---- SUPPLIED RECORDS

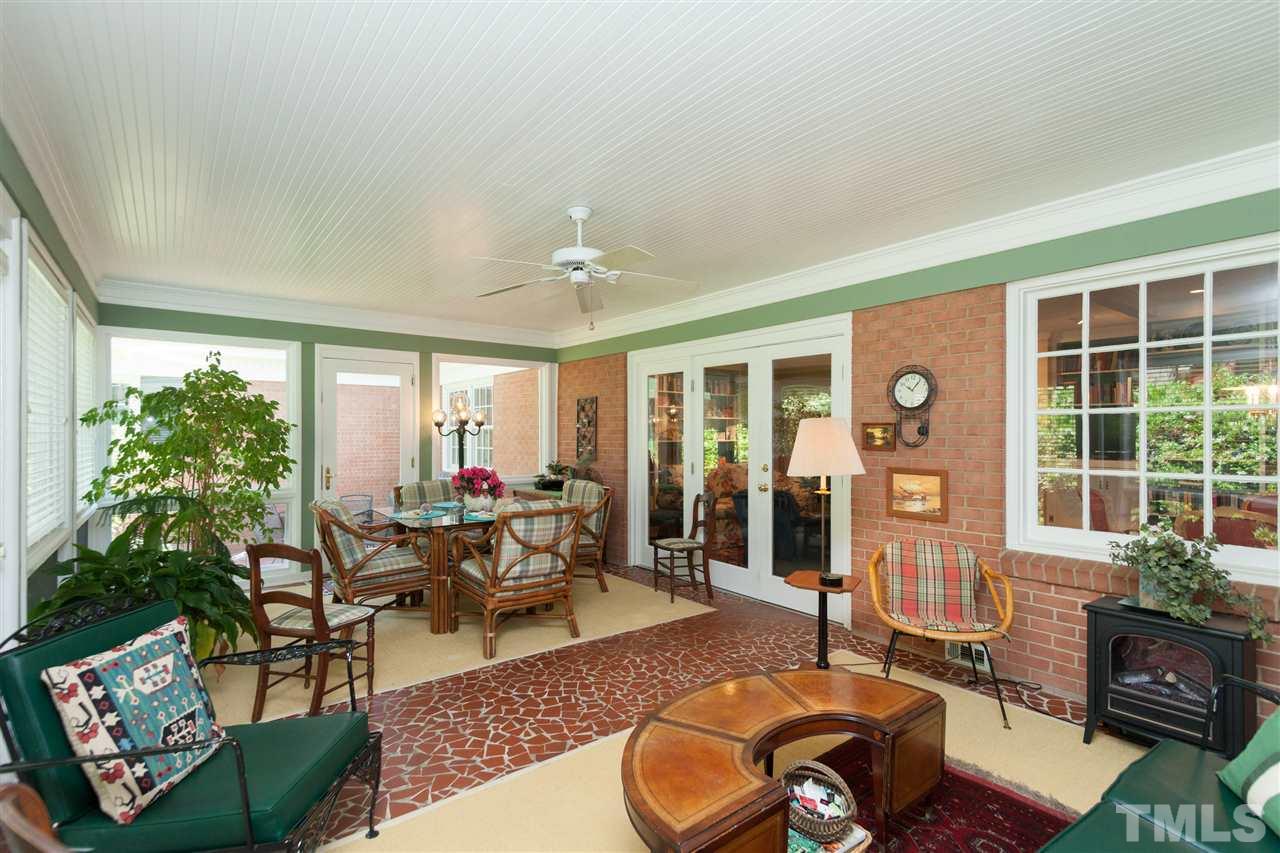 2401 Ridge Road Raleigh, NC 27612 - Photo 19 of 24 a living room with furniture and a potted plant
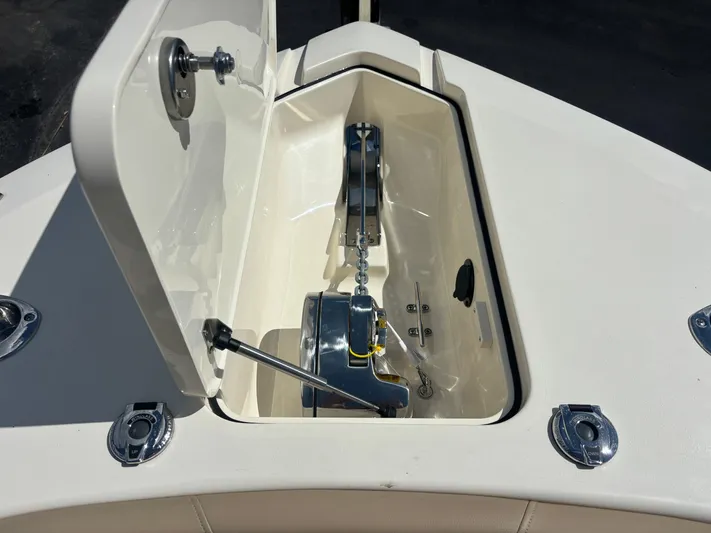  Yacht Photos Pics 2025 Scout 277 LXF anchor compartment with open hatch and visible chain mechanism.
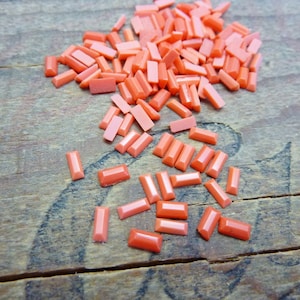 May include: A pile of small, rectangular, coral-colored beads. The beads are scattered on a wooden surface.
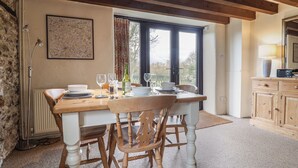 A dining area with a wooden table set for four, a stone wall, and a window with curtains.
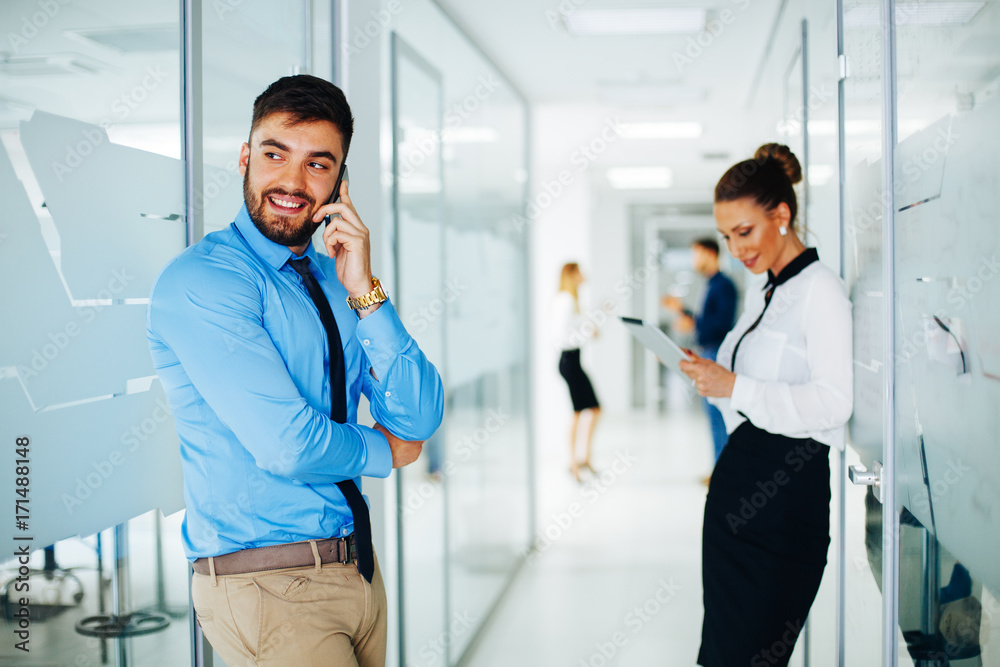 Businessman on the phone standing in hall and woman using digital tablet out of focus Businessman on the phone standing in hall and woman using digital tablet out of focus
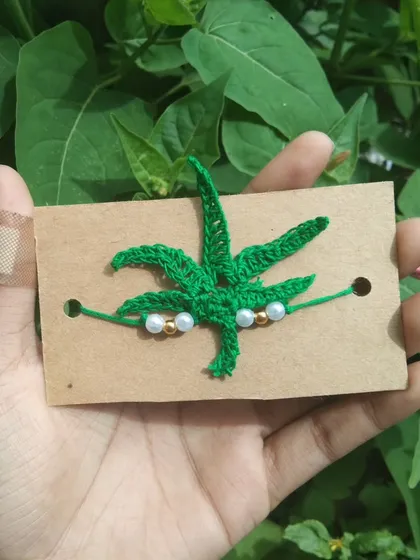 A custom-ordered weed or marijuana leaf rakhi, for a bit of fun.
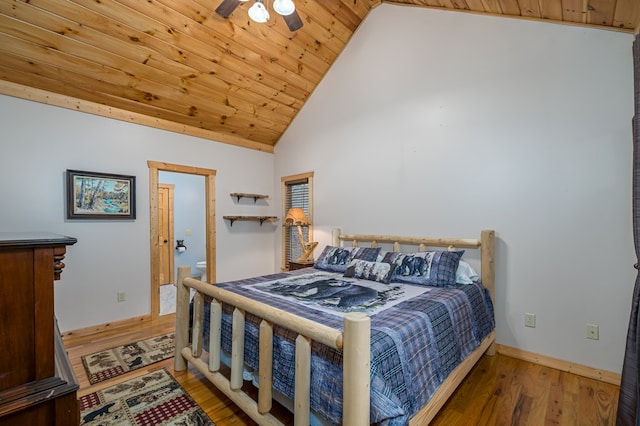 bedroom featuring hardwood / wood-style flooring, high vaulted ceiling, and wood ceiling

--------

TASK INSTRUCTIONS:
Pictures stay out; the data above is to be returned exactly.

WRITTEN SOLUTION:
 2401 Ridge Road Raleigh, NC 27612 - Photo 19 of 24 a living room with furniture and a potted plant
  Yacht Photos Pics 2025 Scout 277 LXF anchor compartment with open hatch and visible chain mechanism.
 May include: A pile of small, rectangular, coral-colored beads. The beads are scattered on a wooden surface.
 A dining area with a wooden table set for four, a stone wall, and a window with curtains.
 Businessman on the phone standing in hall and woman using digital tablet out of focus Businessman on the phone standing in hall and woman using digital tablet out of focus
 A custom-ordered weed or marijuana leaf rakhi, for a bit of fun.
 bedroom featuring hardwood / wood-style flooring, high vaulted ceiling, and wood ceiling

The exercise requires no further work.